They (whoever ‘they’ might be) say confession is good for the soul, so here’s my stab at it for the moment.
I keep whacking the snooze button or — even worse — turning off the alarm altogether instead of getting up super early to work on my novel. Not every morning at least, but more than I should be and more than I want. So what’s a non-morning girl to do? Get up and do it anyway! I have a tendency to want to write the story straight through so if I get a bit hung up with a scene it can throw me off for a couple of days until I know the direction to go. Not good, considering I’d like to be MUCH further along with my draft when I go to the Blue Ridge Christian Writers Conference in May. I’m going to work on it a bit more tonight and force myself to get in some writing time before the rest of the family rolls out of bed in the morning.

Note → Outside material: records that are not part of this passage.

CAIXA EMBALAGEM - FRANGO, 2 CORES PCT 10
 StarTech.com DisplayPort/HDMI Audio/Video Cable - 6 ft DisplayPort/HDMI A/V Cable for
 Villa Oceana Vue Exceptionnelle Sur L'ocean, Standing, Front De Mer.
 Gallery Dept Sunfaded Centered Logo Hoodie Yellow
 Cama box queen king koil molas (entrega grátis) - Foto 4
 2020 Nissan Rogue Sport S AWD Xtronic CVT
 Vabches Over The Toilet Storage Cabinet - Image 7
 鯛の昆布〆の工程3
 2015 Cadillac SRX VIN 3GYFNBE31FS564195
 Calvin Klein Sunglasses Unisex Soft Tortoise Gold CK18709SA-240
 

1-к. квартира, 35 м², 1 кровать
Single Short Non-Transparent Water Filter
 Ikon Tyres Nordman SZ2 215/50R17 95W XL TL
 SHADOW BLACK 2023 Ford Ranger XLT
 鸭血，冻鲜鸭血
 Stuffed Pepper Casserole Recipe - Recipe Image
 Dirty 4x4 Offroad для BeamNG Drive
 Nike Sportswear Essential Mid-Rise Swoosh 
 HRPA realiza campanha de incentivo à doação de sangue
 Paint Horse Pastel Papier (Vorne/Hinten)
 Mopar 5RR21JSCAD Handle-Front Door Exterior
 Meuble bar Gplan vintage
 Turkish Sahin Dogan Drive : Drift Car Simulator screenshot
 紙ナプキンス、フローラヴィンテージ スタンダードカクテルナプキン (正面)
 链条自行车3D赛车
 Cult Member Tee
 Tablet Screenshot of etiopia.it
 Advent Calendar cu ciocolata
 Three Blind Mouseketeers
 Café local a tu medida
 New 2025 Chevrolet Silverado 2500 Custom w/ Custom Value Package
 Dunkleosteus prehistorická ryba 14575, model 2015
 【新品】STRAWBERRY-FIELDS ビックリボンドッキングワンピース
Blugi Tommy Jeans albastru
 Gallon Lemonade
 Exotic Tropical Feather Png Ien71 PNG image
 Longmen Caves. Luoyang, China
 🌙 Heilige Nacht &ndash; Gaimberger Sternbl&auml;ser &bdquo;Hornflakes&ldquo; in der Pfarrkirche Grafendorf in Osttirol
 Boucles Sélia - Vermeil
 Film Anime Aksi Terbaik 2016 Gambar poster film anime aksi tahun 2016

Hmmm … that sounds like I’m forcing myself to write, which I’m not. I’m forcing myself to get up and do it so early. But I love starting the day with prayer and writing time, so need to remember that when the alarm squawks at 3:45. And yes, that’s AM, not PM. 🙂
OK, I feel better now, so on to the celebration. The same novel I’m having trouble working on so early in the morning actually has almost 24,000 words down! Woo hoo! That’s huge for me, especially considering that the most I’ve ever written on a story before is maybe 10 or 11k, tops. The scary part is I started out thinking I was shooting for about 75k. Considering where I am in the story and how much more I want to include, I can already see that I’ll pass right by 75k (someday!). Who would’ve thought?! I need to change the little word count bar in the margin even though my ‘percent complete’ is about to bottom out. Oh well, it’s gotta happen sometime so it might as well be now.
Maybe if I pat myself on the back hard enough it’ll knock me out of bed in the morning and get me going. Ya think?